Contrairement à la tragédie classique qui, s’adressant à un public
de connaisseurs, apporte un soin tout particulier au travail du
vers, et dans une perspective très différente du
Cromwell qui, comme beaucoup de pièces de la fin des années
1820, est un théâtre à lire, expérimental, privilégiant les
hardiesses techniques susceptibles de plaire à des jeunes poètes
d’avant-garde, Hernani est écrit pour être joué et sa
conception cherche à tenir compte des contraintes de la
représentation devant un large public.
Prosaïque et
déplacement des polarités axiologiques.
Si cette
première tendance prosaïque joue plus sur la perception que sur la
provocation, il en existe une seconde, dont la visée est
clairement plus déstabilisante. Contrairement à la tragédie qui
représente un héros aux prises avec l’ordre social pour mieux
conforter ce dernier, le drame cherche à remettre en cause des
fondements injustes. L’introduction du prosaïque, compris par
opposition à la noblesse et à l’élévation du poétique, joue un
rôle important dans ce dispositif. « Le roi s’exprime souvent
comme un bandit, le bandit traite le roi comme un brigand.
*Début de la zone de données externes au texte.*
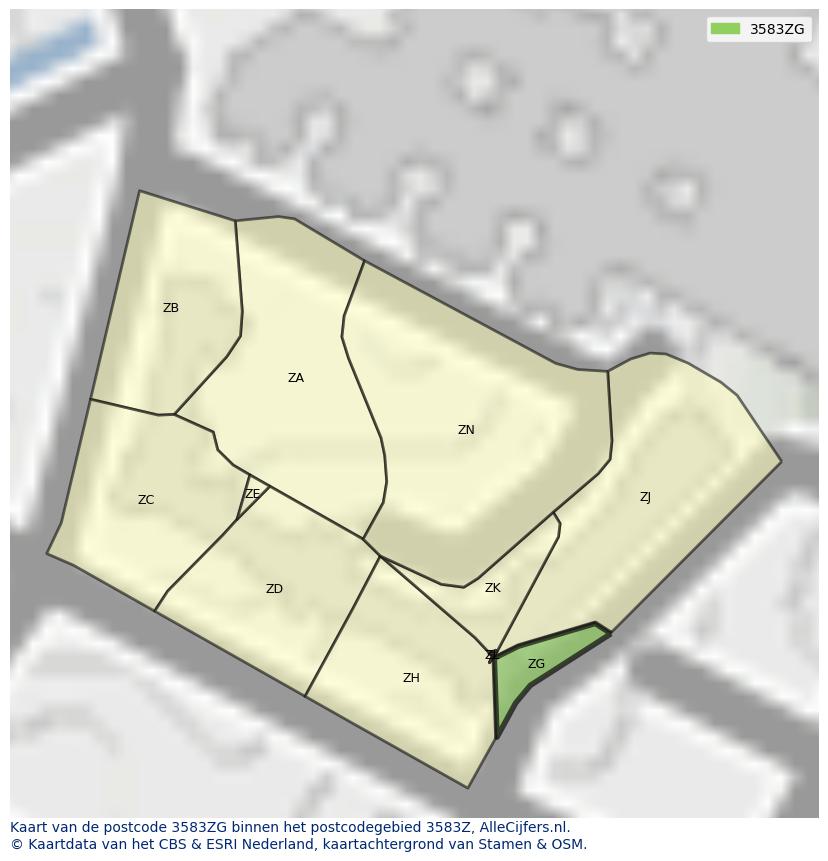 Afbeelding van het postcodegebied 3583 ZG op de kaart.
La
fille d’un grand d’Espagne n’est qu’une dévergondée, sans dignité
ni pudeur, etc [19] . », s’exclame le censeur
Brifaut. Ce n’est pas le prosaïque en soi qui choque, mais son
association inadaptée au rang du personnage. Comme le note Guy
Rosa, la révolution opérée par Hugo dans la langue littéraire
« transgresse essentiellement la hiérarchie des genres ; tel
vocable proscrit de la tragédie est bienvenu en prose ou dans les
vers burlesques et accepté en comédie – parce que les bourgeois ne
sauraient parler la langue des princes et des seigneurs » [20]
.
A réception, ce
sont ces marques du prosaïque qui d’ailleurs ont choqué le public,
beaucoup plus que le traitement du vers. Comme l’explique Olivier
Bara dans son article sur la malséance dans Hernani
[21]
« les marques de prosaïsme sont […] impitoyablement dénoncées par
un rire, un ricanement ou un sifflet, du « Vous devez avoir
froid » de doña Sol à Hernani, en passant par « Josefa, fais
sécher son manteau » (acte I, scène II), à « Je rallume les feux,
je rouvre les croisées / Je fais arracher l’herbe au pavé de la
cour » (acte V, scène III). Métaphores et comparaisons jugées trop
concrètes pour se rapporter au sentiment ou à la passion évoqués
subissent le même sort, l’alliage de l’abstrait et du concret
rompant avec l’ordre classique : « La vengeance est boiteuse, elle
vient à pas lents » (acte II, scène III), « Dérision ! que cet
amour boiteux » (acte III, scène I), « Ont un amour qui mue ainsi
que leur plumage » (acte III, scène I). Le « matérialisme »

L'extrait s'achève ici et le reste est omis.